I had this one exercise once where I was covering the validity of information online and I set a task where the students had to do a search to find the world’s most poisonous snake, the idea being to show them that many different sites will give a different answer to the same question. One young lass came upon a site with the text “trouser snake”, along with the accompanying pictures. I kid you not!
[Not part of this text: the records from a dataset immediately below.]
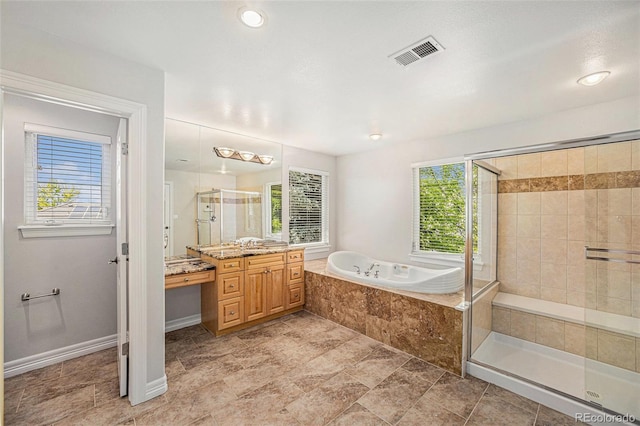 bathroom with vanity and shower with separate bathtub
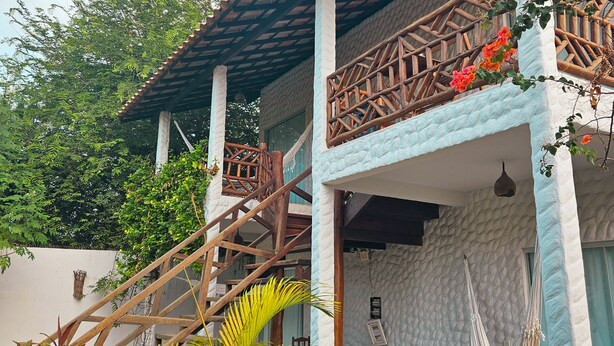 Una escalera de madera tradicional que conduce a un espacio exterior cubierto con una hamaca y sillas de madera.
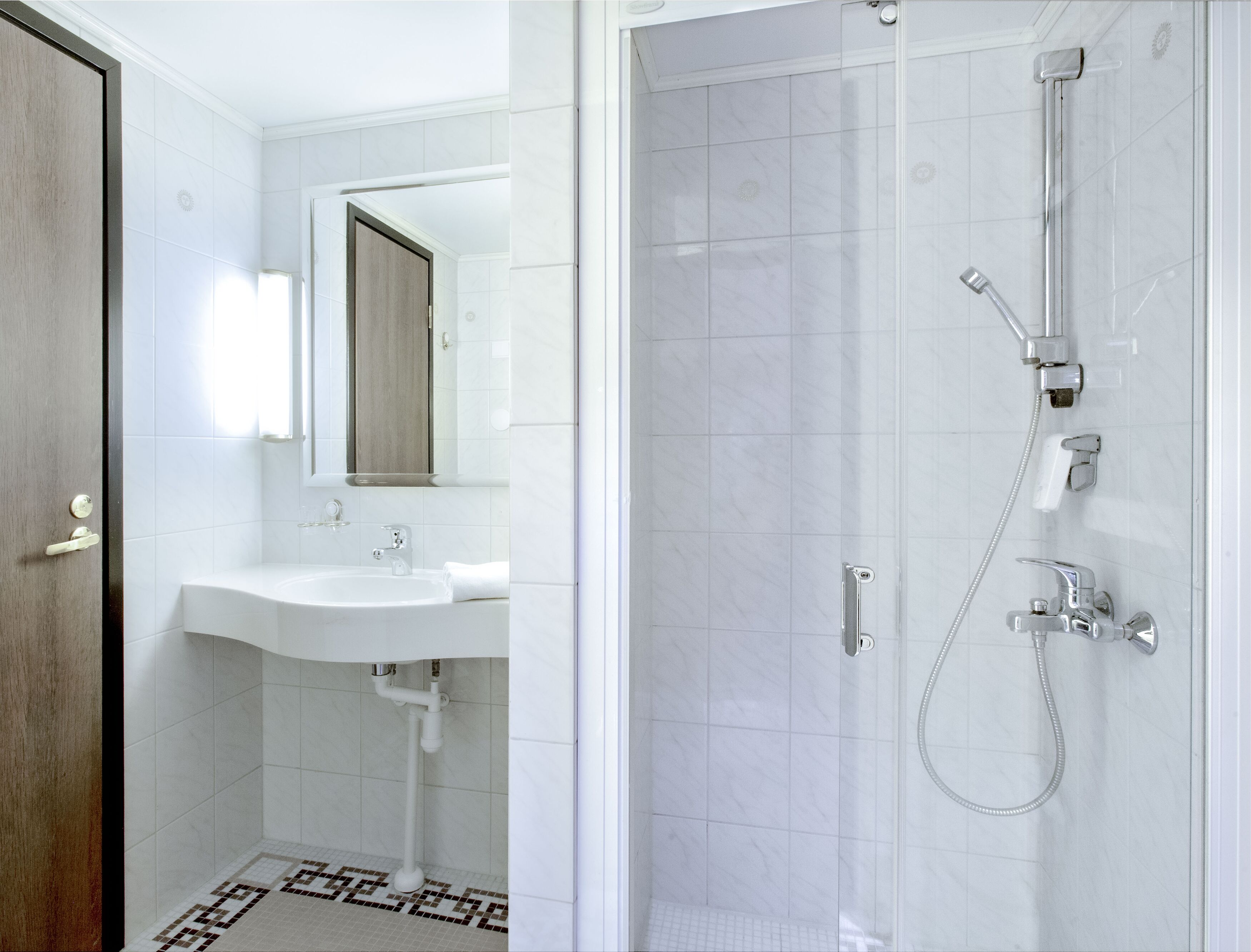 A bathroom with a sink, mirror, and shower.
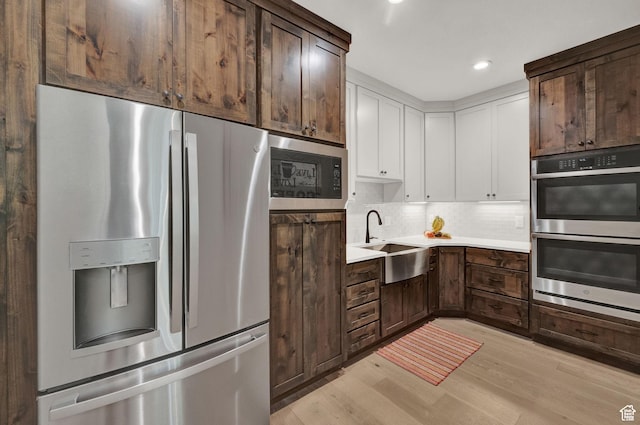 10694 E Cottonwood Ln Unit 539, Heber City, UT 84032 - kitchen with light countertops, light wood-style flooring, appliances with stainless steel finishes, white cabinets, and a sink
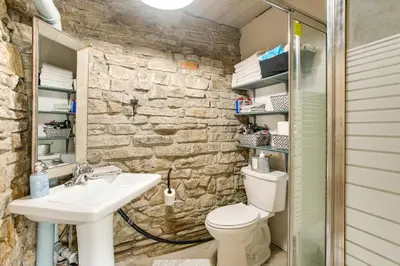 a bathroom with a white toilet and a sink at 3 Mi to River 11-Acre Retreat in Rural Stockport in Chesterhill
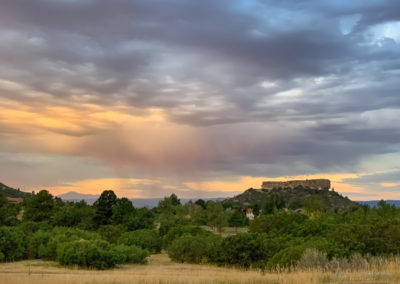 Pastel Shafts of Virga over Castle Rock with Pikes Peak in Background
Another time one of the teachers at school had the students do some research on abortion in Bangkok and as he was walking around the room monitoring, he noticed that one student had found an article about that very topic on my site. That gave me a small grin!

Q

I remember that you once sent me a mock-up of the new-look Stickman site with fancy graphics and professional layout. Two years on, you’ve still kept the same design and shunned the bells and whistles. Was it a case of ‘if it’s not broken don’t fix it’

A

That site was very nicely designed, but it was just too slow to update as it was all database driven. It would have been great for the readers but a nightmare for me to update. I’ve managed to hone my work process so that any change to it would likely slow me down. The presentation and layout of the site is due for an overhaul and I hope to do that some time soon…

Q

I’ve always maintained that teachers are not whoremongers because they simply can’t afford it on a 30-35K salary. No one’s better qualified to endorse or rebut that statement than Stickman himself.

A

Tough question this. Strictly speaking, 30 – 35 K might not be enough to allow you to sew your wild oats up and down Sukhumvit every night, but if you’re a real Cheap Charlie, you could still have a couple of good nights out a week, and if you were frequenting some questionable venues like the Chicken Farm, actually, it just might jut be enough….but hell, the rest of your life would be pretty bloody poor, wouldn’t it?! You can pick English teachers in a group and frankly, I do not see many teachers down the bars these days.

Q

In Asia, Thailand is still the best country to come and teach in……err…um…..any discussion there?

A

No idea, never taught anywhere else in Asia. Workmates tell me that Korea is hell on earth but the money is good. Japan and Taiwan really don’t appeal to me and the teaching environment in those places sound almost as much of a nightmare as Korea. As I am sure you’ll agree, teaching is a great way to get going in Thailand but I have to admire people who stick with it. Teaching here is much like living here, it can be fun at times, but it can also be stressful and frustrating. Unless one is a career teacher – and therefore should be at one of the international schools on a decent package – one should be looking for opportunities outside of teaching.

Q

On a teaching ability scale of 1-10, I’d rate myself as a very solid 7. Some days I can even be an 8 (some days I can be a 1 but we won’t go into that) Where are you on the scale?

A

Once upon a time I was a solid performer - thoroughly prepared for every lesson. I’d always have a free practice and I’d make sure we got to that part before the students left, even if it meant running over time. But these days it is a different story altogether. I have been teaching the same type of students using the same materials for the past 4 years. I’m bored and I’ll be the first to admit that I have gone stale. It is time for me to move on, or at the very least, take a loooong break from the industry.

Q

Finally Stick, and you can answer these questions with a yes or no if you want. Can Filipinos be classed as native-speakers? Is the TEFL course market in Thailand becoming too crowded?, and is it possible to find work without a degree?

A

No way in the world are Filipino native speakers. NO WAY! Funnily enough, I’d say that the TEFL course market is NOT getting too crowded as the figures I hear from some course providers are that most courses are full or near full. Sounds like there is a lot of money to be made in that too….

Of course it is possible to find work without a degree. Stacks of people have no problem at all, BUT, it very much depends on the employer, their willingness to accept someone without a degree, and their ability to get the blue book without one.